[R6RS] notes on paths

Fri May 26 09:51:42 EDT 2006

Under Unix, a filesystem path is a sequence of non-NUL bytes. A path is
shown to the user by decoding according to the current locale. (The
decoding may fail, in which case "?" is usually used in place of a byte
that is not part of an encoding sequence.) A user-supplied path (in
terms of "characters") is encoded according to the current locale to
produce a filesystem path.

Under Windows, a filesystem path is a sequence of non-NUL 16-bit
values. A path is shown to the user by UTF-16 decoding (which may fail
due to unpaired surrogates), and a user-supplied path is UTF-16 encoded
to produce a filesystem path.

Strings:

Any sequence of bytes or 16-bit values could be encoded into an R6RS
string, and in that way, strings could be used to encode filesystem
paths. However, a string surely should be interpreted as a
user-supplied path --- since strings will be used for literal paths,
etc. --- so a string should be locale-encoded or UTF-16-encoded to
produce a filesystem path.

Since the string encoding of a filesystem path may lose information,
library functions that produce paths (such as a function that returns
the content of a directory) shouldn't produce string encodings. Also, a
locale-independent representation is useful for programs that retain
paths across locale changes.

 Note: Although Java has a class to represent pathnames, the internal
 representation of a pathname is just a string. Java strings are 16-bit
 sequences, just like Windows filesystem paths, so it works fine there.
 But under Unix, with a typical locale, the directory-list library
 method can produce pathnames that do not actually exist, because
 encoding inserts "?" in place of unencodable parts of the filesystem
 path. Also, a path is locale-specific.

Byte vectors:

Of course, any sequence of bytes or 16-bit values could be encoded into
an R6RS byte vector. Unlike the case for strings, there's much less
reason to make the byte-vector encoding have anything to do with the
locale encoding, so a lossless encoding can be used.
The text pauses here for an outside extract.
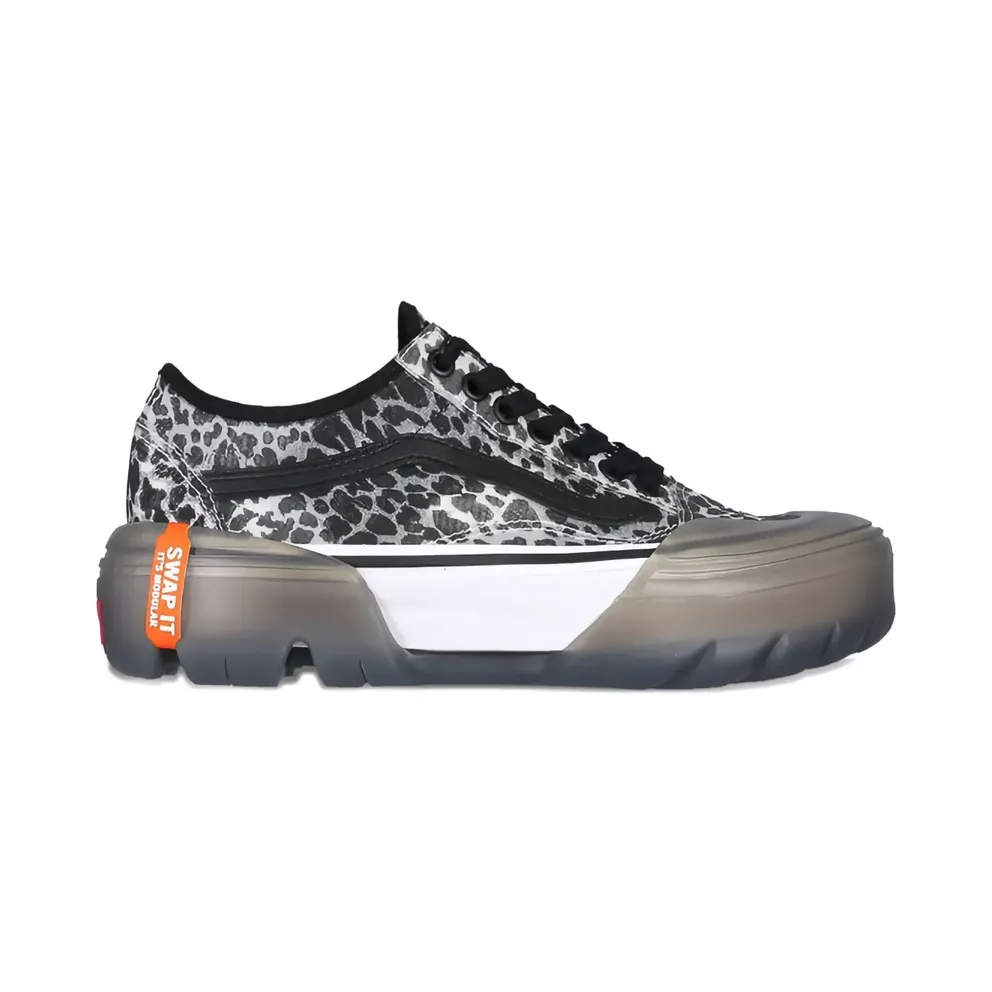 Vans with luipaardprint and plateauzool – Grey (VN0A7Q5VWAXK1)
A drawback of having library functions generate byte vectors, though,
is that the byte vectors are not human-readable (unless byte vectors
are by default printed using the current locale's encoding, which seems
like a bad idea for byte vectors in general).

A separate datatype:

By creating a separate datatype for paths, filesystems paths can be
reliably represented without loss of information, and the default
display mechanism for paths can be human-readable (e.g., encode the
bytes according the current locale before displaying).

The above is the chain of reasoning that led to the current design in
PLT Scheme. The conversion to a separate path datatype was painful, but
it's mostly fine now that we've converted. One remaining bit of pain is
writing libraries that accept both strings and path values for
pathnames; this is no problem when a string is needed for a pathname,
but it means that `path->string' conversions are frequently protected
by a `path?' test.

In some cases, a programmer wants to manipulate part of a path without
losing information in the rest of the path, such as replacing a ".tex"
suffix with ".dvi". Converting to a string and back might lose
information in the path before the suffix. To handle these cases, we
provide `path->bytes', and we define the byte-vector encoding in such a
way that, for sensible locales, consecutive ASCII characters in the
locale decoding map to consecutive ASCII values in the byte vector.
That's good enough in practice, because the path manipulations involve
just ASCII characters. Suffix replacement, for example, works on a byte
vector, and it converts the result back with `bytes->path'.

Matthew